Sebab, yang dikuasai biasanya tak banyak bicara, yang bisu karena
berbagai alasan. Seorang guru gagal menyampaikan ilmu kepada sang murid
karena menempatkan murid “yang bisu” dan hanya perlu dijejali dengan
beragam teori. Tanpa mau mendengar uneg-uneg yang tak
tersampai. Kerusakan alam diakibatkan membabi butanya eksploitasi yang
menganggapnya hanya sekedar bahan jarahan, bukan makhluk yang selayaknya
bisa berbicara. Amburadulnya ekonomi terjadi ketika pelakunya hanya
menggunakan “ satu telinga”: untung-rugi.
“Potret Bisu”, dipilih mewakili dari sekian puisi yang terangkum
dalam antologi dua belas penyair Teater Magnit Ngawi, tak lain bentuk
sikap “belajar” terhadap yang bisu. Saya lebih senang menyebut sikap
“belajar” karena dalam hal ihwal dalamnya ada gerak naik-turun. Ada
semangat. Ada rasa untuk terus mencari, meski jatuh bangun. Sikap
belajar adalah sikap berpuasa—dan penyair adalah manusia yang terus
berpuasa. Sikap yang berhasilnya kanti laku. Puasa adalah upaya
memeka radar-radar yang dimiliki manusia untuk menangkap
frekuensi-frekuensi halus atau yang tak tersentuh radar kebanyakan. Dan
frekuensi-frekuensi inilah yang sering dianggap bisu.
Antar-penyair tentunya memiliki kepekaan tersendiri terhadap obyek
yang disampaikan.

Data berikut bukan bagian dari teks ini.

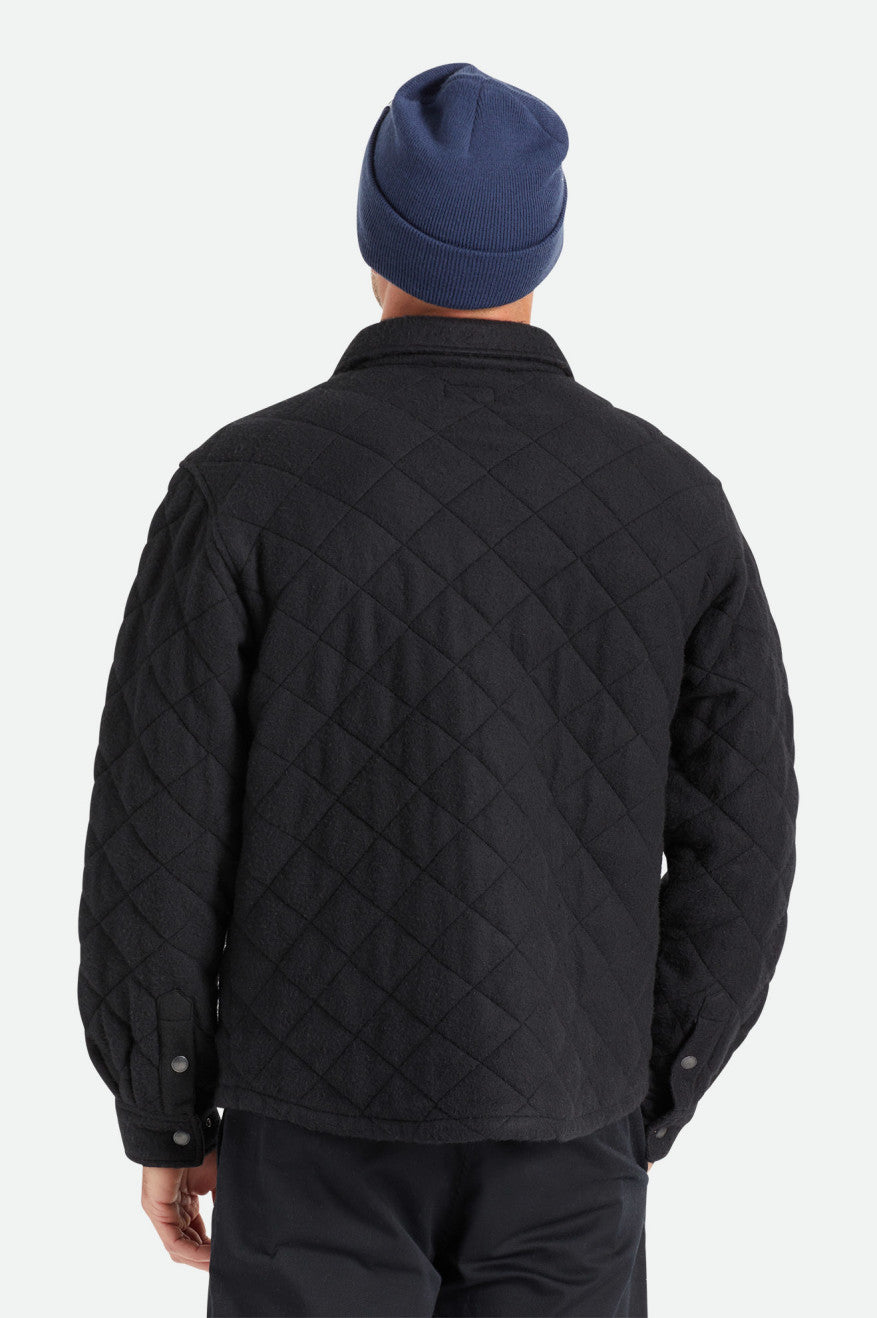 Men's Brixton Cass Quilted Fleece Jackets Black | 6215ONGLU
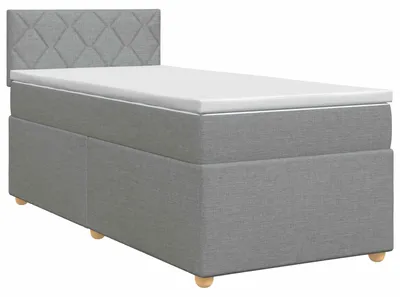 Obrázek produktu pro vidaXL Skříňová postel s matrací světle šedá 90 x 190 cm látka
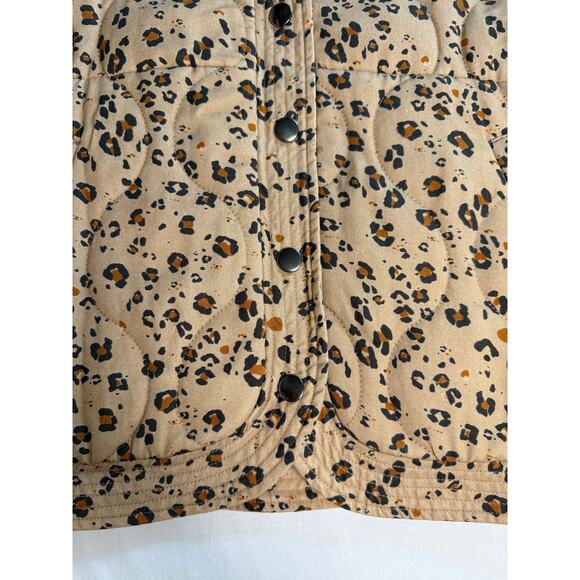 Saltwater Luxe Quilted Leopard Print Jacket Size MEDIUM Brown - Picture 4 of 14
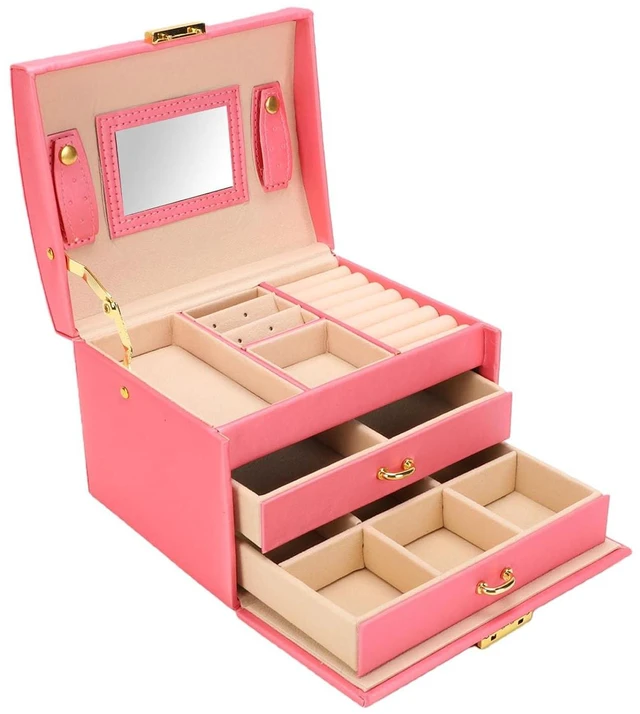 Alt view image 3 of 6 - Walfront Large Jewelry Box, PU Leather Multi Layer Jewelry Organizer with Mirror and Key, Large Capacity Storage Case for Women and Girls for Rings Earrings Necklaces Watches (Rose Red)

Batu di mata penyair bisa mengandung beragam makna.
Meragamkan berbagai tafsir tentang batu itu sendiri. Semakin beragamnya
tafsir tentang batu yang dilakukan para penyair tentunya semakain
menambah hazanah keilmuan, dan menghidupkan batu itu sendiri, yang dalam
ilmu hayat disebut benda mati.
Ellisa Olivia A, mencoba memotret yang bisu dengan sajak “Oleh
Rindu”nya. Sajaknya sebenarnya berisi kepiluan tetapi ia cepat
mengolahnya sehingga tak terlihat pilu. “Ketika burung-burung gugur
dari kepaknya dan masih mengepak ke langit/ ketika bunga-bunga luruh
dari wanginya dan masih semerbak ke langit…” jika disimak ada
sesuatu yang akan terbaring kalah namun dalam prosesnya itu masih ada
sisa-sisa tenaga agar kekalahannya itu tidak sekedar kekalahan tanpa
nilai. Ia percaya bahwa rerentuhan, pudarnya keharuman, birunya laut
yang kini mulai tercemar oleh berbagai kegilaan manusia bisa disatukan
oleh rindu.
Rindu, bagi Ellisa, menjadi nadi gerak hidup makhluk. Sebagaimana
Tuhan menciptakan makhluknya berpasang-pasangan tak lain dibalut dengan
rasa saling merindu. Malam yang cepat melarut ke dalam siang karena ada
rindu. Kemarau yang mengkerakkan tanah, seakan tangan yang menengadahkan
doa-doa agar lekas terguyur air hujan. Rindu pula yang sering jadi tema
sentral kaum sufi melukiskan “ketaataanya” pada Tuhan, bukan karena
terpaksa.
Ada rindu, berarti ada cinta. Hal itu dibuktikan dengan
puisi-puisinya Hanifah Hikmawati. Penyair muda yang masih tercatat
sebagai mahasiswa jurusan Sastra Arab UNS (Universitas Sebelas Maret,
Solo) ini mencoba mematangkan arti cinta dan rindu. Sajak “Hikayat
Al-Hubb”, misalnya, yang terdiri dari tiga sajak tak lain bentuk
pematangannya dalam menangkap arti cinta. Sebagai mahasiswa yang
berlatar belakang bahasa Arab, pembaca mungkin akan menerka jika “Al-Hubb”nya itu pasti cinta kepada Tuhan. Tetapi kenyataannya tidak. Namun, ia juga tidak melulu mengisahkan percintaan dunia (Hubbudunnya) tetapi menggarap dua wilayah itu secara proporsional. Ia memotret hubb-nya
perjalanan manusia: dari bayi hingga tua dengan segenap
permasalahannya. Terkadang pula ia merintihkan do’a-do’a, kedukaan,
kesukacitaan manusia. Begitu pula, sebagai manusia, ia mengabarkan
tentang Hubb terhadap sesama—yang dalam sajak “Hikayat Al-Hubb” obyeknya memakai kata “mu”.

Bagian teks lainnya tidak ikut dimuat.